» **Task goal**
What you give back must match the records below word for word.

--- Data supplied ---

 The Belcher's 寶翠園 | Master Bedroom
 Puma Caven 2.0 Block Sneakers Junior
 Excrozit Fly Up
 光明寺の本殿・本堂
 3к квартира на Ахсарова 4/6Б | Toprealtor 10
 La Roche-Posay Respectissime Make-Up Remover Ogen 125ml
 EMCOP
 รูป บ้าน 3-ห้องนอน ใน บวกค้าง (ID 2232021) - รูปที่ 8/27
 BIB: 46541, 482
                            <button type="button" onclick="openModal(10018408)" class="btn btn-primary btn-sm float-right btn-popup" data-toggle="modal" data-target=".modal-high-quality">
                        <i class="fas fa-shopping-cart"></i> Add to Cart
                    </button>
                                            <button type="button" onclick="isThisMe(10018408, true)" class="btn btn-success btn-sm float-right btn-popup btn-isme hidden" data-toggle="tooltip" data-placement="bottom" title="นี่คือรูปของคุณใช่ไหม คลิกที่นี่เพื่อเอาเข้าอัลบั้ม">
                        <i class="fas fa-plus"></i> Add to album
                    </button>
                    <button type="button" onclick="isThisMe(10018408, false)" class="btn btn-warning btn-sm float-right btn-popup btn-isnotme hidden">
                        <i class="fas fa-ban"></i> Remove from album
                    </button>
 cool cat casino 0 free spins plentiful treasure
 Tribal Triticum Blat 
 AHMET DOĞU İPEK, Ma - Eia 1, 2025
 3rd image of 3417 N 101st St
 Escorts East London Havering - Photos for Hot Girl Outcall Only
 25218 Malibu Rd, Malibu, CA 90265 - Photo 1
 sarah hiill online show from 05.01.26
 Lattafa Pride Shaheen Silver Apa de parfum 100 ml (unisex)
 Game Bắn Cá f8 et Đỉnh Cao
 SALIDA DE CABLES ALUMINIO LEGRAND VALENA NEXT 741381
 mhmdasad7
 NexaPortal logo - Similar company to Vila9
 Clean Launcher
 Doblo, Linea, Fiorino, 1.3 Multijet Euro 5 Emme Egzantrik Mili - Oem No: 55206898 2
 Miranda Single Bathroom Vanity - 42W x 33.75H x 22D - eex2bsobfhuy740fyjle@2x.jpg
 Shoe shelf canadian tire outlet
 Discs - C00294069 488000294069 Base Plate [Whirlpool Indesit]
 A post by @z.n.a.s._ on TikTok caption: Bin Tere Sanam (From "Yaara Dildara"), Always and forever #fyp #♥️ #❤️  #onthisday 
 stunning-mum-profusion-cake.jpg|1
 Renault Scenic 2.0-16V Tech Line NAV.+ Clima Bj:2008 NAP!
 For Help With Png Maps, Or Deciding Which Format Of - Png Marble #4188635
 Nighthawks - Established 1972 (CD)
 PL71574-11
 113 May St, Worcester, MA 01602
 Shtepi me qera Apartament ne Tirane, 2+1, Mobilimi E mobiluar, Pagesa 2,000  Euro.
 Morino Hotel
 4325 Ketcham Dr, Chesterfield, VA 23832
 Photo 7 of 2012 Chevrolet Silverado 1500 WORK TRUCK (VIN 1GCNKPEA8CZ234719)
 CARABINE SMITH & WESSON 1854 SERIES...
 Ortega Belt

---

» **Your solution**
 The Belcher's 寶翠園 | Master Bedroom
 Puma Caven 2.0 Block Sneakers Junior
 Excrozit Fly Up
 光明寺の本殿・本堂
 3к квартира на Ахсарова 4/6Б | Toprealtor 10
 La Roche-Posay Respectissime Make-Up Remover Ogen 125ml
 EMCOP
 รูป บ้าน 3-ห้องนอน ใน บวกค้าง (ID 2232021) - รูปที่ 8/27
 BIB: 46541, 482
                            <button type="button" onclick="openModal(10018408)" class="btn btn-primary btn-sm float-right btn-popup" data-toggle="modal" data-target=".modal-high-quality">
                        <i class="fas fa-shopping-cart"></i> Add to Cart
                    </button>
                                            <button type="button" onclick="isThisMe(10018408, true)" class="btn btn-success btn-sm float-right btn-popup btn-isme hidden" data-toggle="tooltip" data-placement="bottom" title="นี่คือรูปของคุณใช่ไหม คลิกที่นี่เพื่อเอาเข้าอัลบั้ม">
                        <i class="fas fa-plus"></i> Add to album
                    </button>
                    <button type="button" onclick="isThisMe(10018408, false)" class="btn btn-warning btn-sm float-right btn-popup btn-isnotme hidden">
                        <i class="fas fa-ban"></i> Remove from album
                    </button>
 cool cat casino 0 free spins plentiful treasure
 Tribal Triticum Blat 
 AHMET DOĞU İPEK, Ma - Eia 1, 2025
 3rd image of 3417 N 101st St
 Escorts East London Havering - Photos for Hot Girl Outcall Only
 25218 Malibu Rd, Malibu, CA 90265 - Photo 1
 sarah hiill online show from 05.01.26
 Lattafa Pride Shaheen Silver Apa de parfum 100 ml (unisex)
 Game Bắn Cá f8 et Đỉnh Cao
 SALIDA DE CABLES ALUMINIO LEGRAND VALENA NEXT 741381
 mhmdasad7
 NexaPortal logo - Similar company to Vila9
 Clean Launcher
 Doblo, Linea, Fiorino, 1.3 Multijet Euro 5 Emme Egzantrik Mili - Oem No: 55206898 2
 Miranda Single Bathroom Vanity - 42W x 33.75H x 22D - eex2bsobfhuy740fyjle@2x.jpg
 Shoe shelf canadian tire outlet
 Discs - C00294069 488000294069 Base Plate [Whirlpool Indesit]
 A post by @z.n.a.s._ on TikTok caption: Bin Tere Sanam (From "Yaara Dildara"), Always and forever #fyp #♥️ #❤️  #onthisday 
 stunning-mum-profusion-cake.jpg|1
 Renault Scenic 2.0-16V Tech Line NAV.+ Clima Bj:2008 NAP!
 For Help With Png Maps, Or Deciding Which Format Of - Png Marble #4188635
 Nighthawks - Established 1972 (CD)
 PL71574-11
 113 May St, Worcester, MA 01602
 Shtepi me qera Apartament ne Tirane, 2+1, Mobilimi E mobiluar, Pagesa 2,000  Euro.
 Morino Hotel
 4325 Ketcham Dr, Chesterfield, VA 23832
 Photo 7 of 2012 Chevrolet Silverado 1500 WORK TRUCK (VIN 1GCNKPEA8CZ234719)
 CARABINE SMITH & WESSON 1854 SERIES...
 Ortega Belt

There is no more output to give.